Discuss redundancy, failover, and disaster recovery strategies.
Consider techniques such as replication, data mirroring, and distributed consensus algorithms.
Discuss how to handle network partitions and node failures.

Consistency and Concurrency

Discuss consistency models (e.g., eventual consistency, strong consistency) based on application requirements.
Consider distributed locking, consensus algorithms (e.g., Paxos, Raft), and coordination services (e.g., ZooKeeper, etcd).
Discuss isolation levels and transaction management.

Data Storage and Retrieval

Discuss database selection based on requirements (e.g., relational databases, NoSQL databases, distributed key-value stores).
Consider data partitioning, indexing, and caching strategies.
Discuss data replication, consistency, and durability guarantees.

Messaging and Communication

Discuss message queuing, publish-subscribe patterns, and event-driven architectures.
Consider message brokers (e.g., Kafka, RabbitMQ) and communication protocols (e.g., HTTP, gRPC).

Security

Discuss authentication, authorization, encryption, and data privacy requirements.
Consider network security, access control mechanisms, and secure communication protocols.

Monitoring and Management

Discuss logging, monitoring, and alerting requirements.
Consider metrics collection, distributed tracing, and centralized logging solutions.
Discuss deployment strategies and continuous integration/continuous deployment (CI/CD) pipelines.

Cost Optimization

Discuss resource utilization, cost-effective scaling strategies, and resource provisioning.
Consider serverless computing, containerization, and cloud services pricing models.

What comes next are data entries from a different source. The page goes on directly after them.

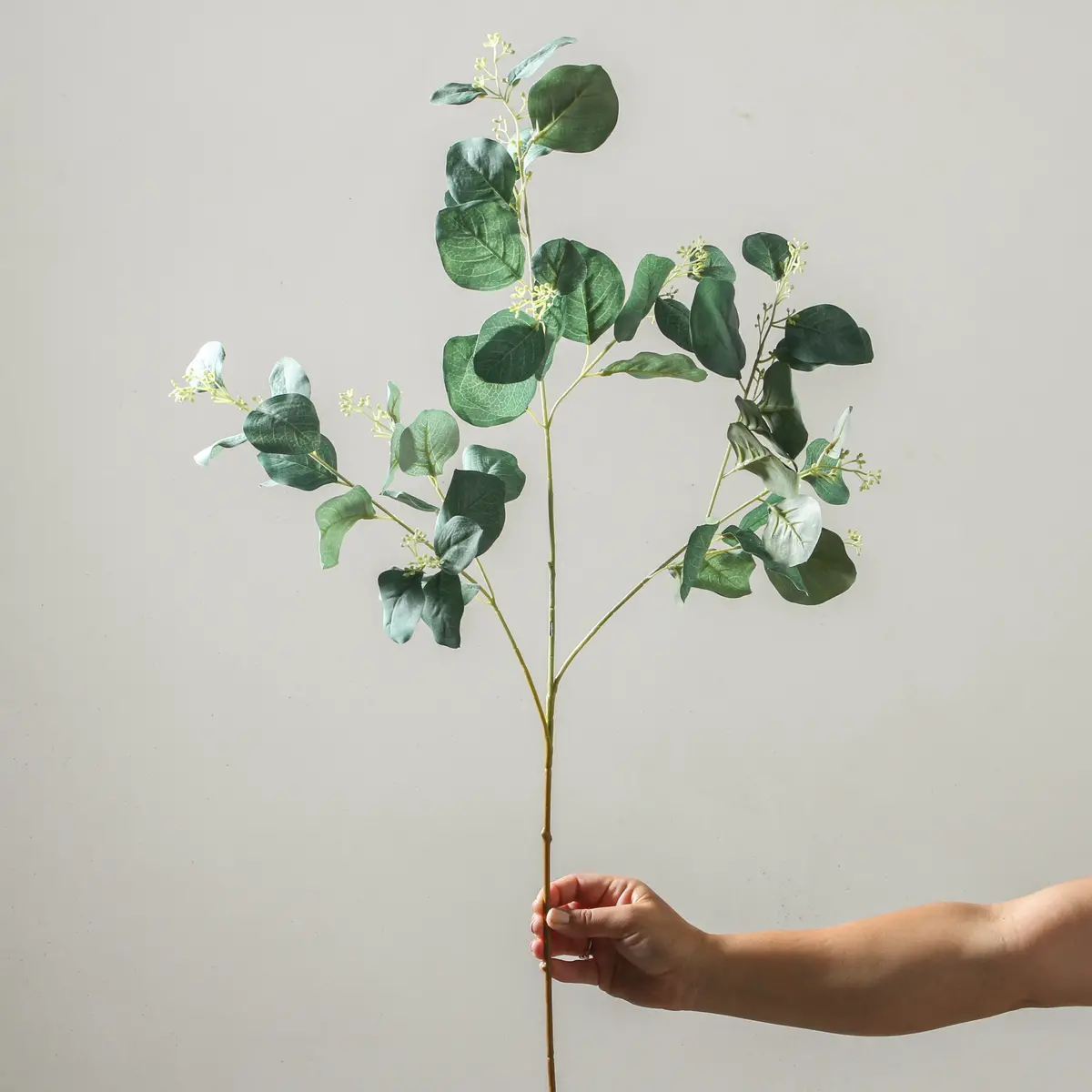Eucalyptus Leaves Branch 95Cm Green 1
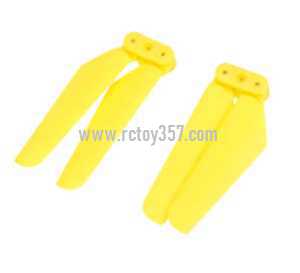 RCToy357.com - Cheerson CX-40 RC Quadcopter toy Parts Blades[Yellow]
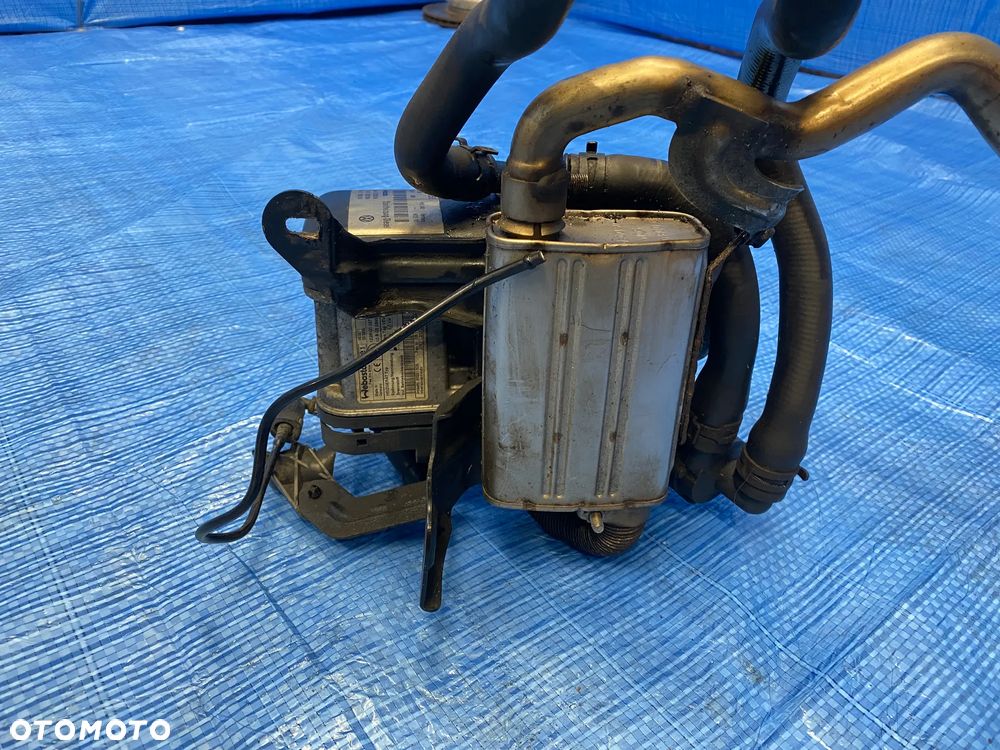 WEBASTO OGRZEWANIE POSTOJOWE VW PASSAT B7 3C0815005BE KOMPLET ORYGINAŁ - 4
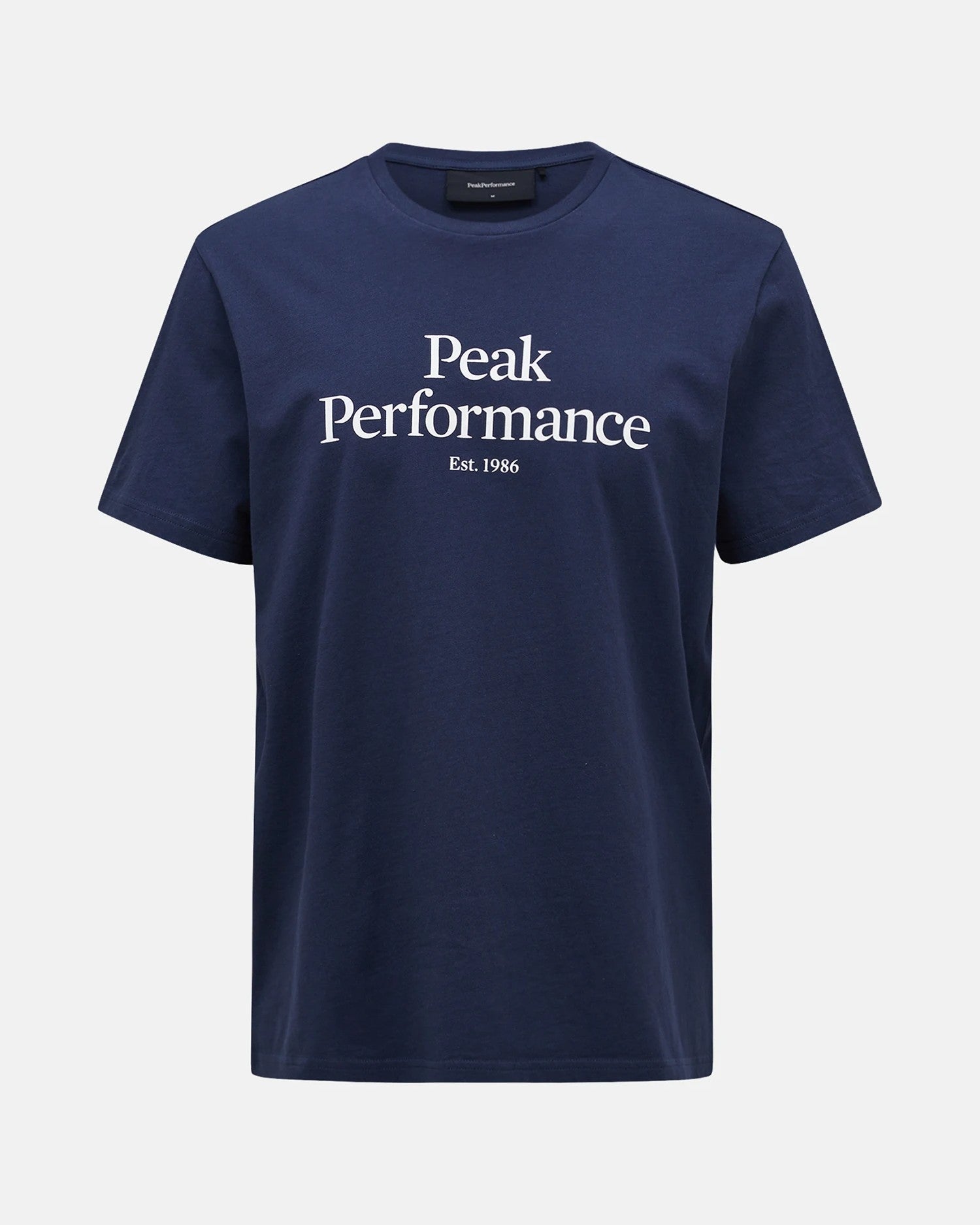 Peak Original T-Shirt - Blue Shadow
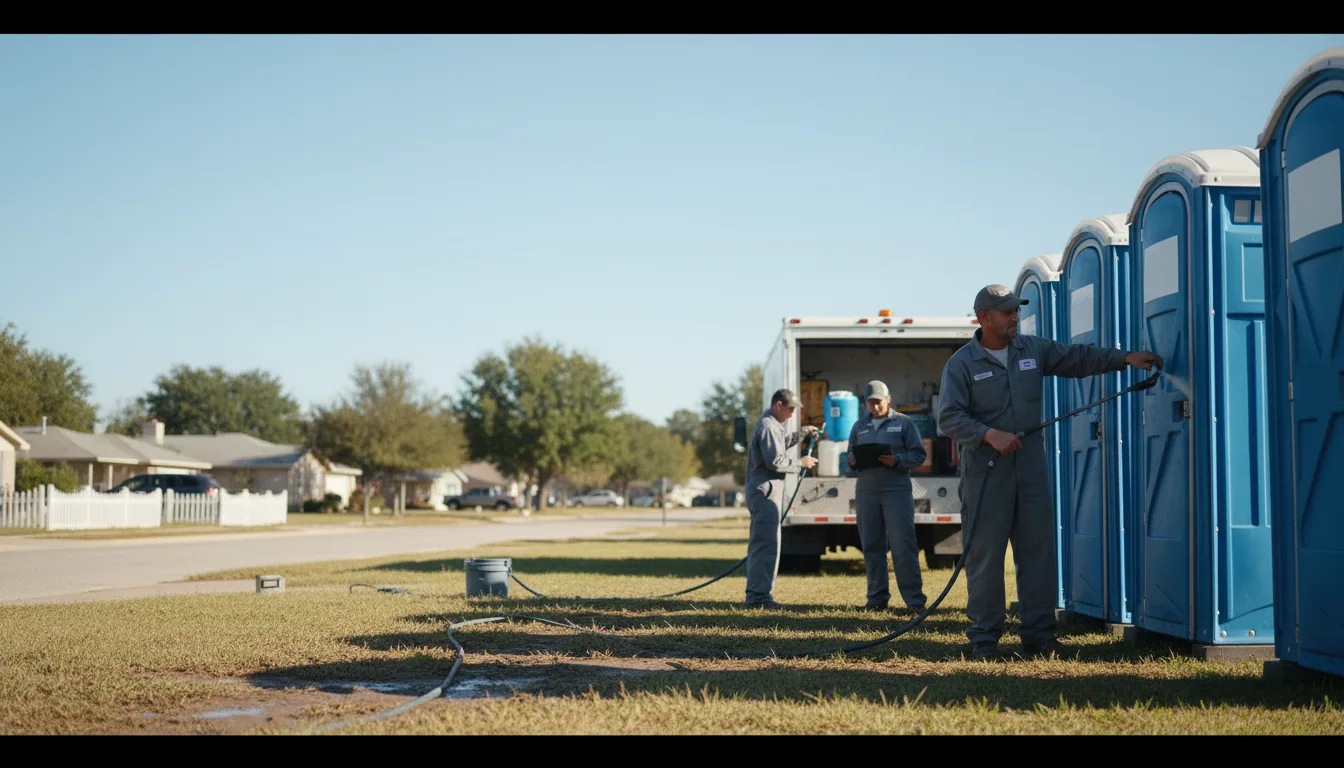 Long-Term Portable Toilet Rental in Mauston, WI near me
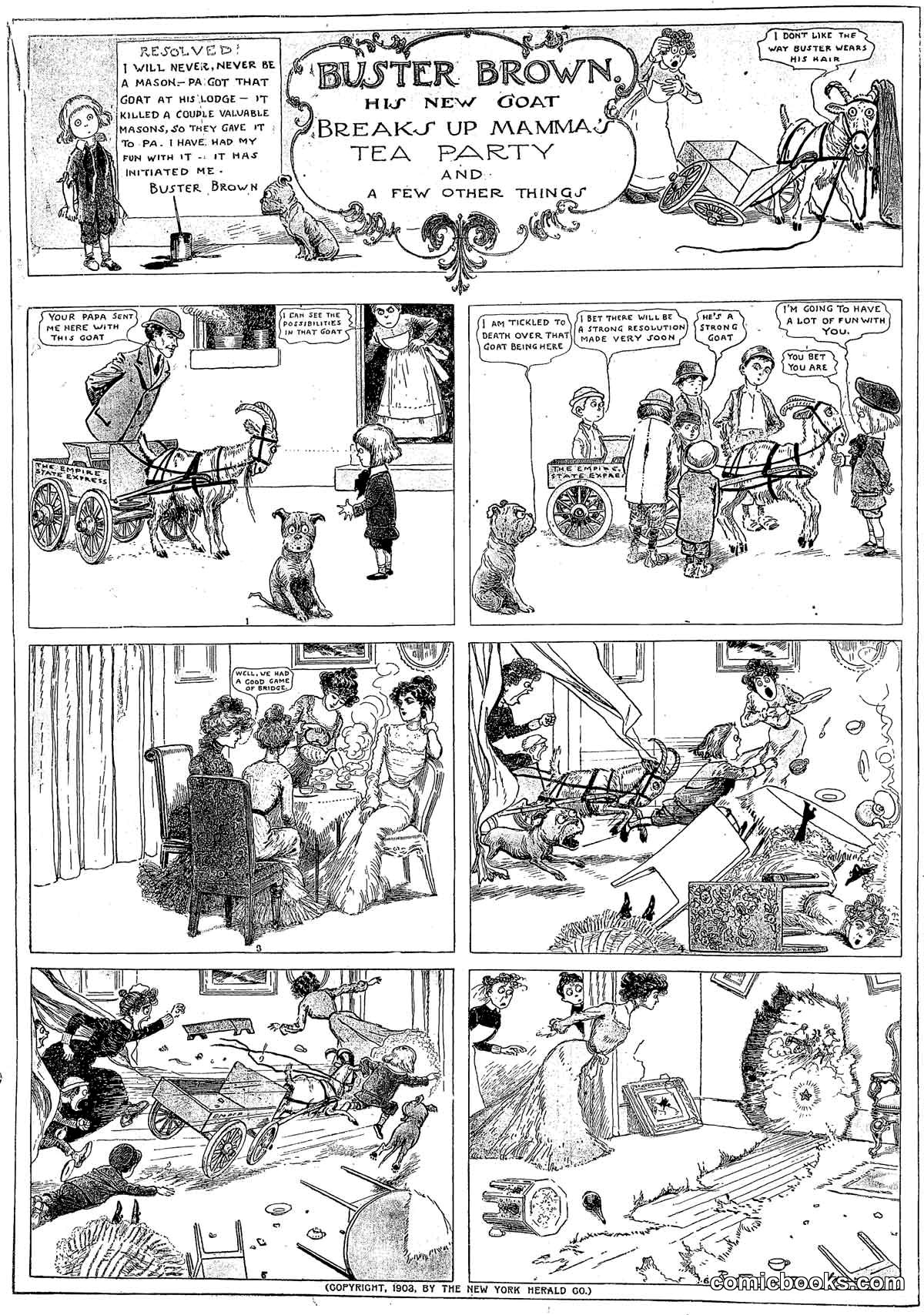 Buster Brown — 1903-04-26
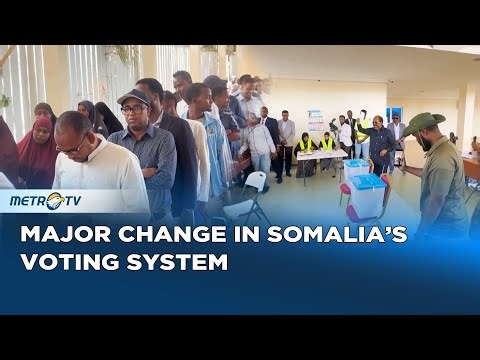 Somalia Holds First One Person One Vote Election in 54 Years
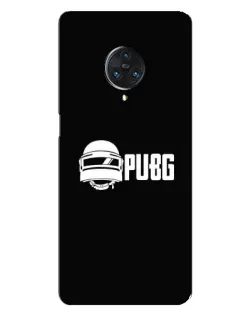 Чехол для Vivo Nex 3 с картинкой «PUBG — классический лого»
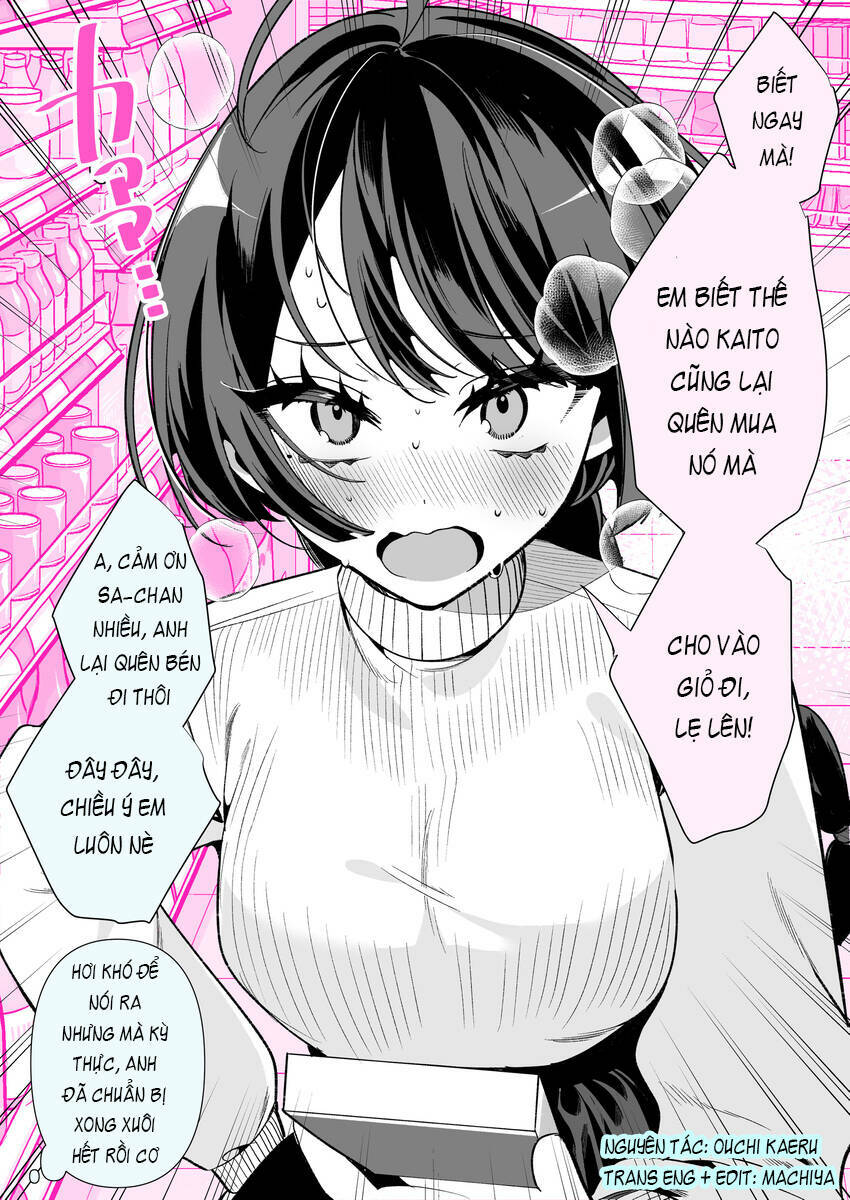 Sa-Chan: Cô Vợ Tuyệt Vời Chapter 14 - Trang 2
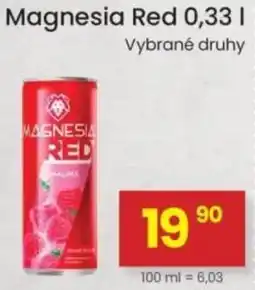 Kubík potraviny Magnesia Red nabídka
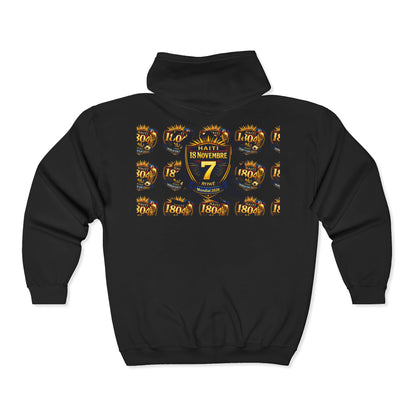 007-Champion-Unisex Heavy Blend™ Full Zip Hooded Sweatshirt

Writing Service Interfaces

Write the outline of the service interface to easily describe the service behavior to the interviewer, by including:

message data structures - describes the request and response messages that a service uses to communicate over a netwrk
method signature - contains a methods name, return type, and parameter list

GetCourseRequest
    int64 user_id
    int64 timestamp
    string course_name

GetCourseResponse
    int64 userid
    repeated string lessons
    int64 timestamp

# CourseService has a method getCourse which accepts a request message GetCourseRequest and returns the response message GetCourseResponse

# It accepts a single argument, the request, and returns a single object, the response

CourseService
    GetCourseResponse getCourse (GetCourseRequest request)

Reminder: the message data structure is different from the data model - e.g. song_names could be stored as rows that are aggregated into a sequential datastructure like an array in the course response.

A system would have multiple services, and each service would have multiple methods. Making them descriptive makes the interview self-explanatory and self-documenting.